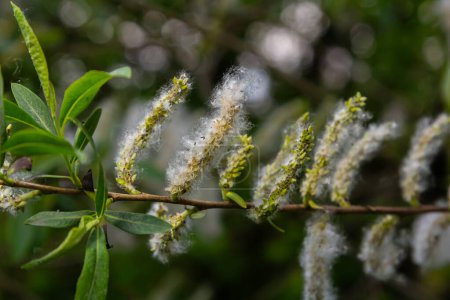 Téléchargez les photos : Salix atrocinerea. Gros plan d'une branche de salce Jack avec les chatons femelles matures, les graines et les feuilles. - en image libre de droit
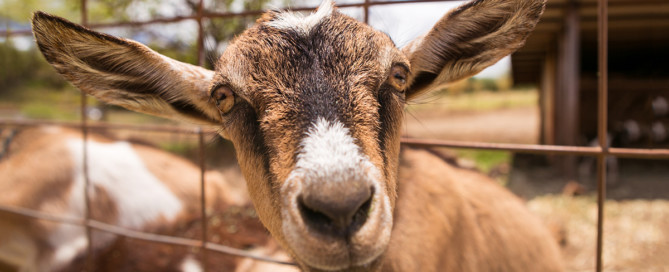 goat Maui Hawaii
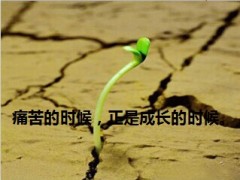 激励图片哲理语句13页.ppt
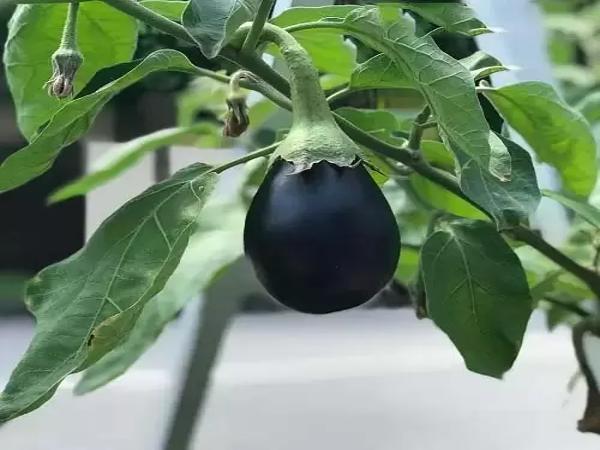 बैंगन की खेती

• What you need to do: Pictures are to be left out; the listing above is otherwise to be copied exactly.

• Response below:
 Téléchargez les photos : Salix atrocinerea. Gros plan d'une branche de salce Jack avec les chatons femelles matures, les graines et les feuilles. - en image libre de droit
 goat Maui Hawaii
 激励图片哲理语句13页.ppt
 बैंगन की खेती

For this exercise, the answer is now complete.